### Try it
Return the lines below that contain the word "Soft".

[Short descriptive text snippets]
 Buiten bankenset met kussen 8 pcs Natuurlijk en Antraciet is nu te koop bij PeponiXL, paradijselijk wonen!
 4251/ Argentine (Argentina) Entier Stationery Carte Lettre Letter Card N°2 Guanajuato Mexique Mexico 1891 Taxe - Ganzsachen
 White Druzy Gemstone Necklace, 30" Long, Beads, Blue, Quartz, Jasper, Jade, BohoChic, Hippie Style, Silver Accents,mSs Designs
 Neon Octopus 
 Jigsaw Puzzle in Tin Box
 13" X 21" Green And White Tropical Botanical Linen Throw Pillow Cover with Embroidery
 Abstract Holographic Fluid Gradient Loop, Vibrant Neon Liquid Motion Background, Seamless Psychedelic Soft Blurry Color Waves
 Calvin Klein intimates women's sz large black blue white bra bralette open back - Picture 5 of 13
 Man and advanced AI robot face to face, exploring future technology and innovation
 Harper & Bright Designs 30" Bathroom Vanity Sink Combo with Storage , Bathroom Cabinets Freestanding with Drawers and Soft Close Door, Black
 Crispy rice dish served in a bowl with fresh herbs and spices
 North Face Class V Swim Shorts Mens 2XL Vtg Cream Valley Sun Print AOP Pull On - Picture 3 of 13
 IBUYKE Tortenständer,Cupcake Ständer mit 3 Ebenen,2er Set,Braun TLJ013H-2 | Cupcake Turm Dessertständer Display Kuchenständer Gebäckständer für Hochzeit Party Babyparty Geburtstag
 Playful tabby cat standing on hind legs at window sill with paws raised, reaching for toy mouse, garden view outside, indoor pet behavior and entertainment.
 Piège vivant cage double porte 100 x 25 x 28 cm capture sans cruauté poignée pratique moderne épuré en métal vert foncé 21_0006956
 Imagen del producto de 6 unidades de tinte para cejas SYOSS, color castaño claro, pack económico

### Task solution
 Abstract Holographic Fluid Gradient Loop, Vibrant Neon Liquid Motion Background, Seamless Psychedelic Soft Blurry Color Waves
 Harper & Bright Designs 30" Bathroom Vanity Sink Combo with Storage , Bathroom Cabinets Freestanding with Drawers and Soft Close Door, Black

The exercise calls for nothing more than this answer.